2.1 Target Machine Specification

There is a close relationship between performance modeling and the description of applications needed to allow either the user or compiler to properly map an application onto parallel systems. In general, reliable performance estimates need the same level of machine description as is needed to specify parallel programs in a way that allows good performance to be obtained when executing on the target machine. This machine description can either be explicit (as in MPI) or implicit as in an automatic parallelizing compiler which must essentially use such a machine description to define its internal optimizations of data placement and movement. Thus to be effective in estimating performance on a target machine, PETASIM must input an architectural description at the same level needed by parallel programming environments. The PetaSoft meetings identified the need for such architectural descriptions as essential in defining future extensions to parallel languages whether they be message or data parallel. MPI and HPF view parallel systems implicitly treat parallel systems as a three level memory hierarchy (local processor memory, remote memory and disk).
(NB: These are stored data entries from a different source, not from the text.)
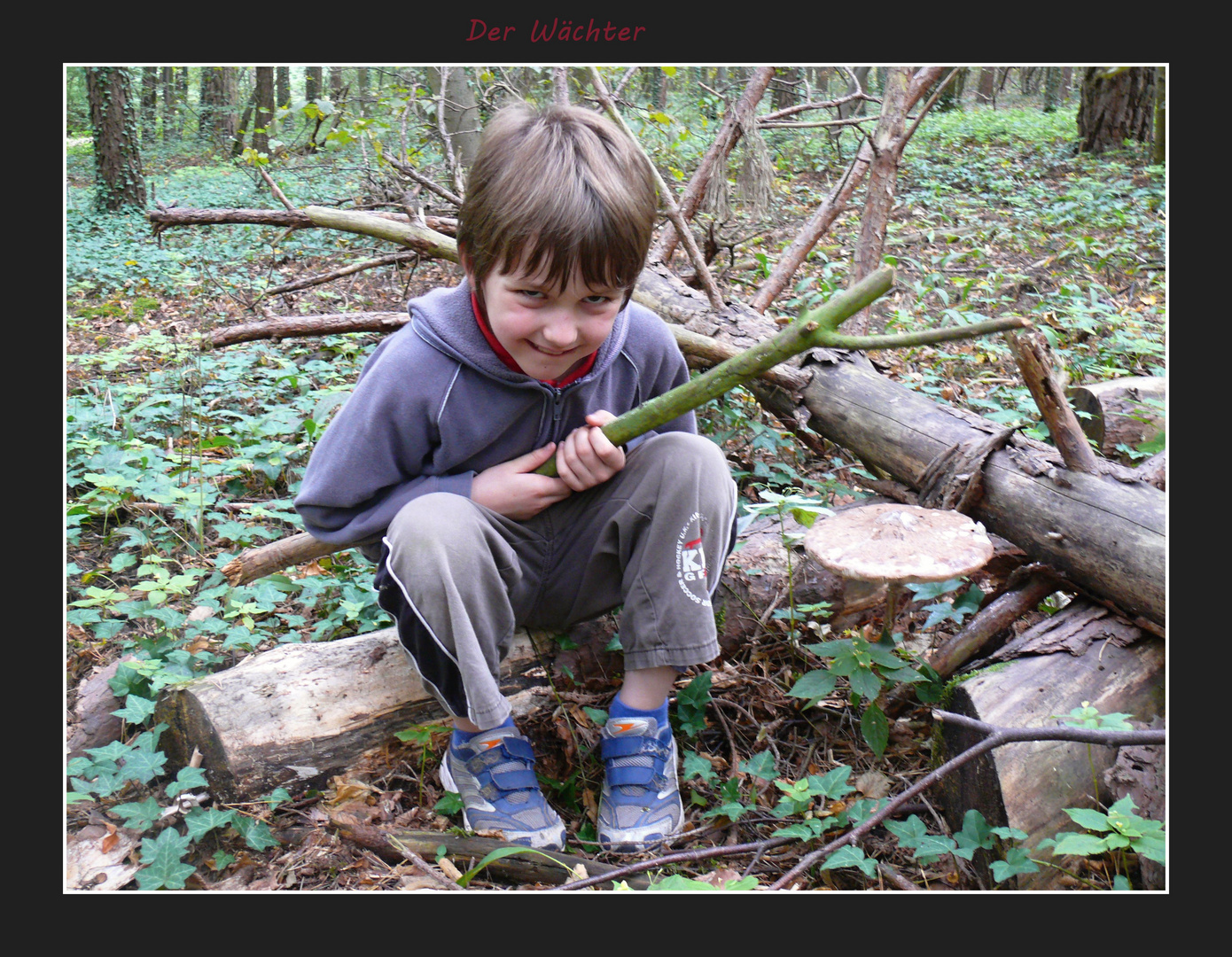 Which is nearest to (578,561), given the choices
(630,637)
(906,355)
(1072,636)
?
(630,637)

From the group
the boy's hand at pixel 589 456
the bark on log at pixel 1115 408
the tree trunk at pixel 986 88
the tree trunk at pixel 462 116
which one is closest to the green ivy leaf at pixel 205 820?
the boy's hand at pixel 589 456

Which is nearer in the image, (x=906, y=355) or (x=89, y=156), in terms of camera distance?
(x=906, y=355)

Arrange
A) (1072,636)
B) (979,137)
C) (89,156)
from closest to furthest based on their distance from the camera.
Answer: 1. (1072,636)
2. (89,156)
3. (979,137)

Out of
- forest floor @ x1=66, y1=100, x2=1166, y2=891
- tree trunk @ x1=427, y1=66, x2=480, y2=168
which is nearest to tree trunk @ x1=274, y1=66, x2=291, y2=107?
tree trunk @ x1=427, y1=66, x2=480, y2=168

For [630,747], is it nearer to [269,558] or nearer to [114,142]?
[269,558]

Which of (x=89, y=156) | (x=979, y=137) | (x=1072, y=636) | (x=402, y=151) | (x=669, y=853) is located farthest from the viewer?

As shown in figure 3, this is inadequate for some current and nearly all future expected high performance systems. Thus an important product of our project will be such a machine description which we will target at both today's (distributed shared memory) machines and the future designs typified by those examined in the PetaFlop process. The latter looked at "extrapolated conventional", Superconducting and Processor in Memory designs and our proposed specification is appropriate for these three cases.[FoxFurm 97] As explained above, this machine description will be very helpful in developing future parallel programming environments. We expect experience from our project to drive new developments in this field as we will determine which features of problem and machine are performance critical as we will use (reliable) models of expected complex memory hierarchies and not to wait for new hardware to be available.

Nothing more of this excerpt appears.